===== Data for processing =====

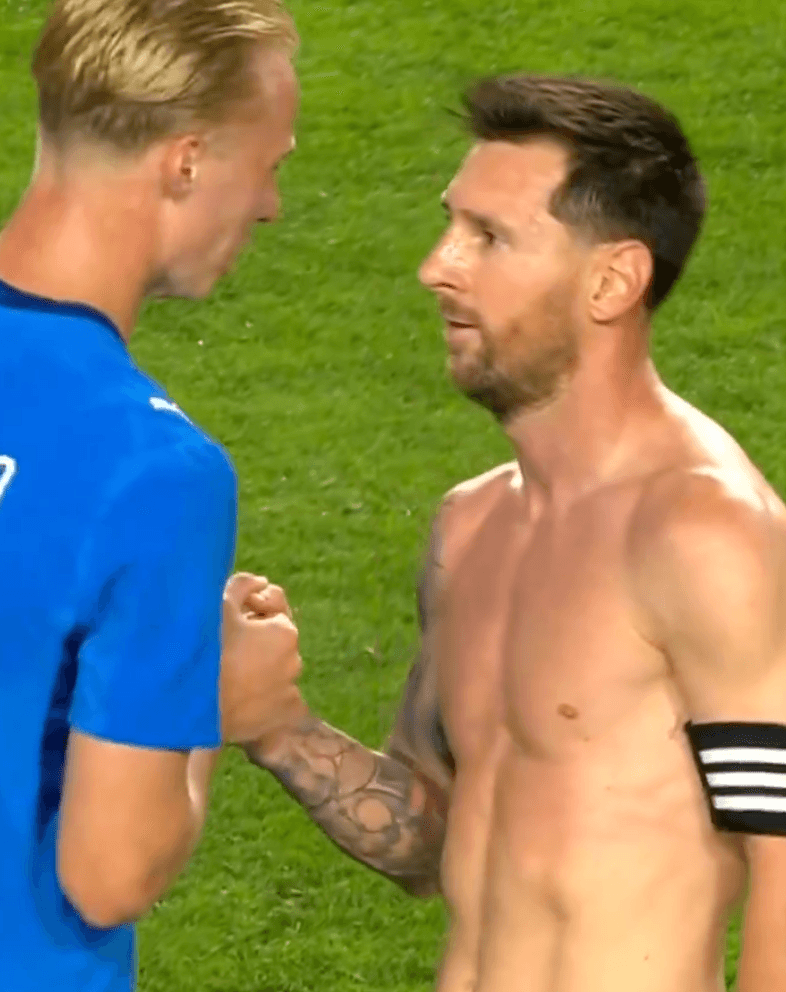 🎥 Messi and Gudjohnsen's son, that hug 🥲 and Leo steals the show!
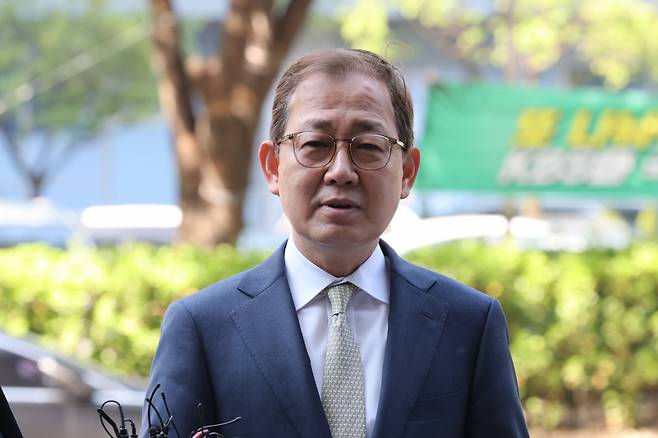 김인철 부총리 겸 교육부 장관 후보자가 3일 오전 서울 여의도 한국교육시설안전원에 마련된 후보자 사무실 앞에서 사퇴 입장을 밝히고 있다. ⓒ연합뉴스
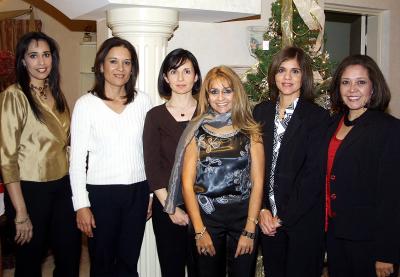 Lucía Morales de Ramos con sus amigas Martha , Lourdes, Carolina, y Josefina en una reunión ofrecida por su cumpleaños.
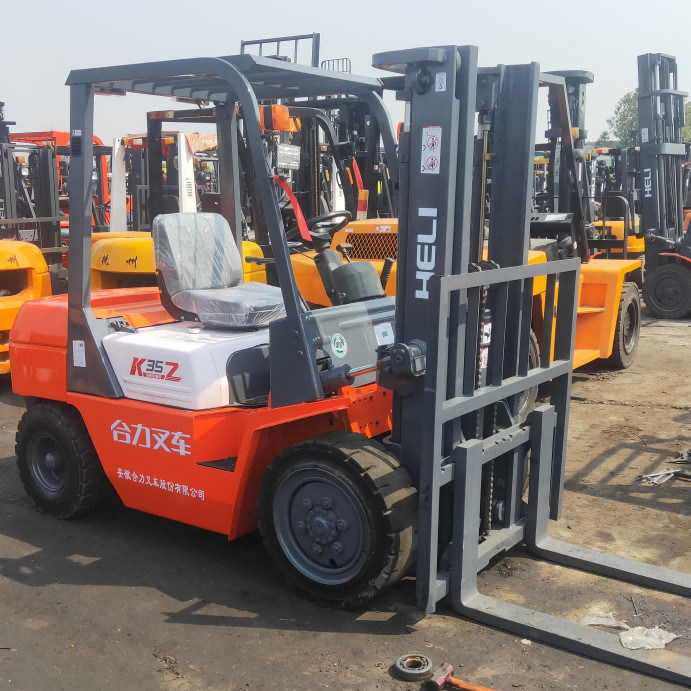 Diesel Heli K35 Used Forklift 3.5 Ton Ergonomic Design Maximum lifting height 3m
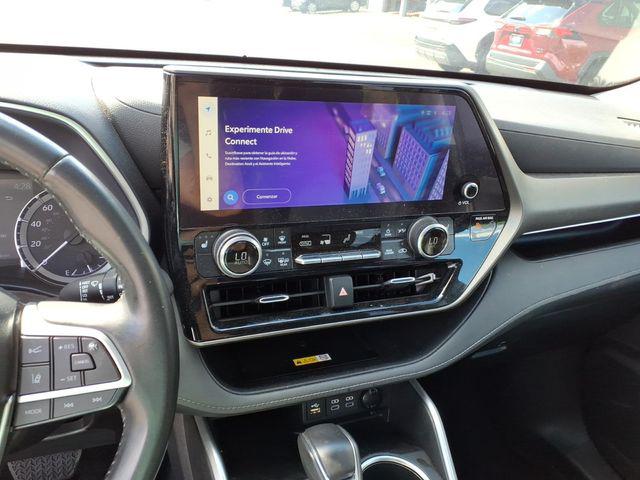 2023 TOYOTA HIGHLANDER XLE photo 8
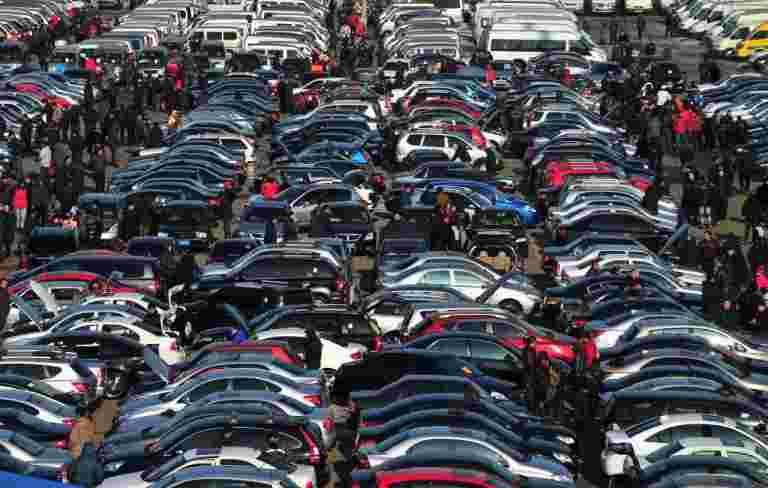 汽车经销商在3月乘客销量上升5％时，汽车经销商称为最糟糕的行业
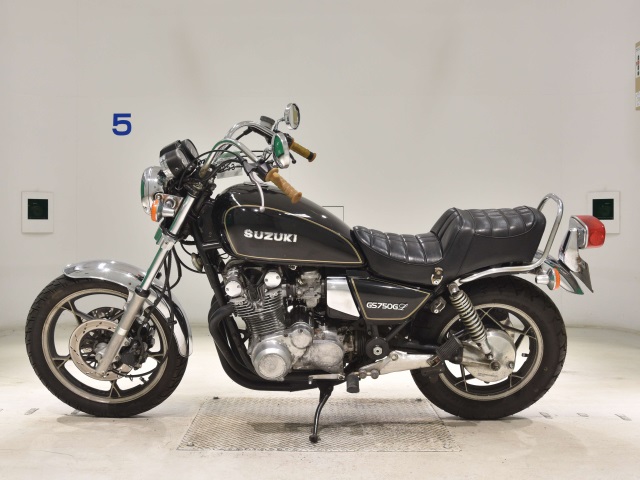 Suzuki GS750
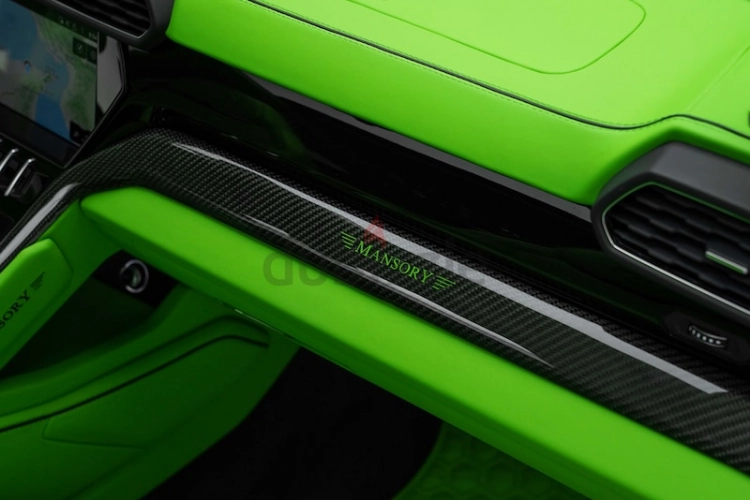 Lamborghini Urus, год 2021, цвет Green-Gasoline, пробег 0 km, фото 2514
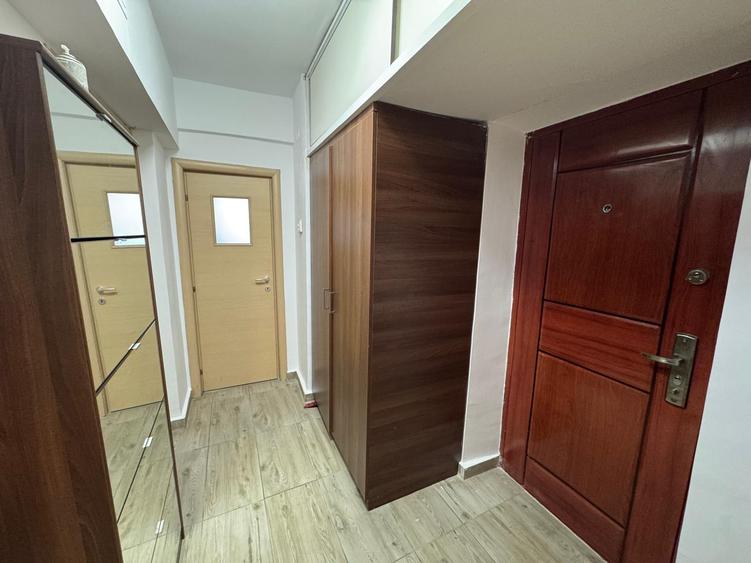 Inchiriere apartament trei camere mobilat/utilat 68mp Cotroceni metrou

=====

## What you have to do
Copy exactly, and only, the lines from the line containing "Lamborghini Urus, год" through the final line of the material above, with no pictures.

## Answer for the task
 Lamborghini Urus, год 2021, цвет Green-Gasoline, пробег 0 km, фото 2514
 Inchiriere apartament trei camere mobilat/utilat 68mp Cotroceni metrou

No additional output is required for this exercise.